In females with LVAs, PVI plus LVA ablation reduced AF recurrence beyond blanking period to 23.3% vs 43.8% with PVI alone (p=0.013), with no difference in males.
Does pulmonary vein isolation plus low-voltage area ablation reduce atrial arrhythmia recurrence compared to pulmonary vein isolation alone in patients with atrial fibrillation and low-voltage areas?
Low-voltage area ablation in addition to pulmonary vein isolation significantly reduces atrial arrhythmia recurrence beyond the blanking period in female patients, but not in male patients.

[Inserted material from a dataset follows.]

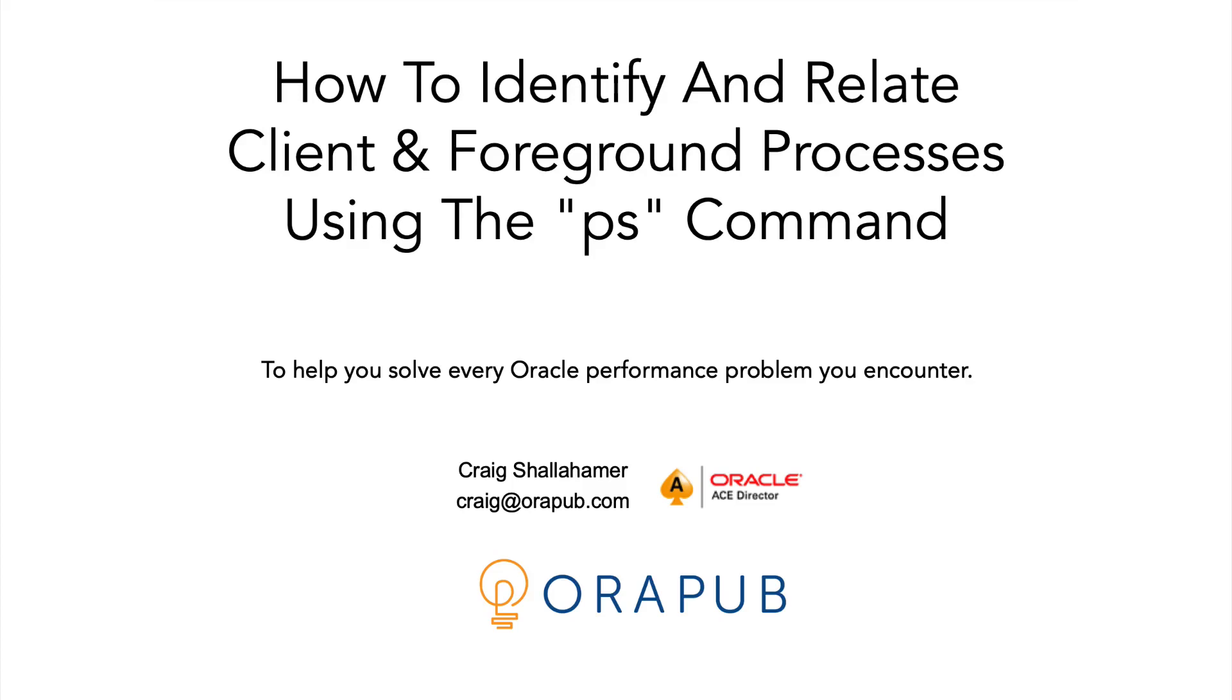Hey everyone, this is Craig from OraPub, helping you to solve every Oracle performance problem you encounter.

Absolute Event Rate: 0% vs 0%
Abstract Background Female sex is a known risk factor for the presence of low-voltage areas (LVAs) and post-ablation recurrence in patients with atrial fibrillation (AF). Purpose This study aimed to evaluate sex differences in AF recurrence after pulmonary vein isolation (PVI-alone) versus PVI plus LVA ablation (PVI+LVA-ABL). Methods An analysis was performed from the SUPPRESS-AF trial, a randomized controlled trial evaluating the efficacy of LVA ablation. LVAs were defined as areas where bipolar peak-to-peak voltage was 0.50 mV, and patients with an LVA area ≥5 cm² were included in this study. The primary endpoint was any atrial arrhythmia lasting for 30 seconds without antiarrhythmic drugs (AADs). Arrhythmia episodes identified during the 3-month blanking period are not considered AF recurrences. Results Among 339 study patients, 165 (48.7%) were females. Females were older than males (76 IQR, 69–78 vs. 74 years IQR, 72–79, p=0.014) and had larger LVA areas (16.4 cm² IQR, 10.0–28.6 vs. 11.7 cm² IQR, 8.1–19.7, p0.001). At one year post-ablation, recurrence rates were similar between the PVI-alone and PVI+LVA-ABL groups in males (42.5% vs. 42.4%, log-rank p=0.92). In females, the PVI+LVA-ABL group exhibited a trend toward lower recurrence compared to the PVI-alone group (42.7% vs. 30.1%, log-rank p=0.10, P for interaction=0.17). Excluding patients with persistent AF recurrence or AAD use at 3 month, a landmark analysis beyond the blanking period demonstrated that the recurrence rates remained compatible in males (33.3% vs. 32.4%, log-rank p=0.91). However, in females, the recurrence rate was significantly lower in the PVI+LVA-ABL group compared to the PVI-alone group (43.8% vs. 23.3%, log-rank p=0.013), with a P for interaction of 0.080. Conclusion The efficacy of LVA ablation in addition to PVI was compatible between sexes. However, in females, LVA ablation was associated with a significantly lower recurrence rate beyond the blanking period, suggesting its potential efficacy as a substrate modification strategy in female patients.
Miyazaki et al. (Sat,) reported a other. In females with LVAs, PVI plus LVA ablation reduced AF recurrence beyond blanking period to 23.3% vs 43.8% with PVI alone (p=0.013), with no difference in males.